• [Records]:
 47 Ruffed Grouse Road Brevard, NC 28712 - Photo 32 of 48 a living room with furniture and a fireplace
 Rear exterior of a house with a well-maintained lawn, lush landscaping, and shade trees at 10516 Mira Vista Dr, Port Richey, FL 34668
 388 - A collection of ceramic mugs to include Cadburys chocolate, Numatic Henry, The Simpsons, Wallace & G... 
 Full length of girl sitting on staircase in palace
...
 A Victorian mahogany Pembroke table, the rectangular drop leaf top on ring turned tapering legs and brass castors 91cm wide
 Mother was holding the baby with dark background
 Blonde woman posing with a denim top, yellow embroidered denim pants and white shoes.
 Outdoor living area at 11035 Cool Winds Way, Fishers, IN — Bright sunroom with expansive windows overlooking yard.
==
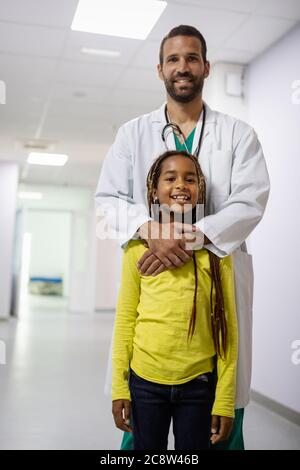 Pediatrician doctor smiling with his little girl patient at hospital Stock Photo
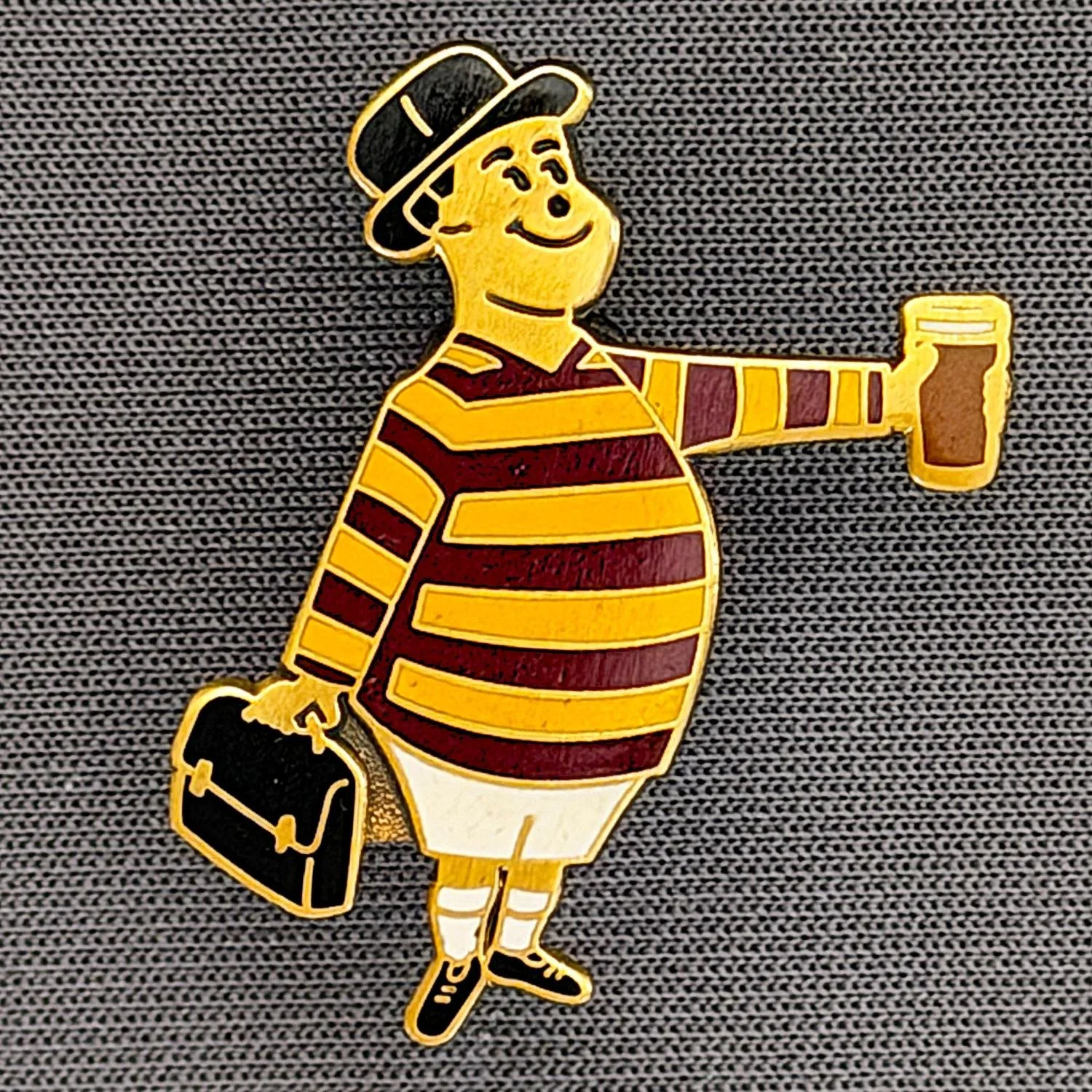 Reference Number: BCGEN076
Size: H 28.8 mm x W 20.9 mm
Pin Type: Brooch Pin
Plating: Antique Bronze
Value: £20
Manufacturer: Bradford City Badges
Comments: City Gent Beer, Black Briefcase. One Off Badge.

• [Problem requirements]:
The response should be the listing above, limited to the lines between the one holding "47 Ruffed Grouse" and the one holding "Full length of", inclusive, reproduced exactly.

• [Response for this exercise]:
 47 Ruffed Grouse Road Brevard, NC 28712 - Photo 32 of 48 a living room with furniture and a fireplace
 Rear exterior of a house with a well-maintained lawn, lush landscaping, and shade trees at 10516 Mira Vista Dr, Port Richey, FL 34668
 388 - A collection of ceramic mugs to include Cadburys chocolate, Numatic Henry, The Simpsons, Wallace & G... 
 Full length of girl sitting on staircase in palace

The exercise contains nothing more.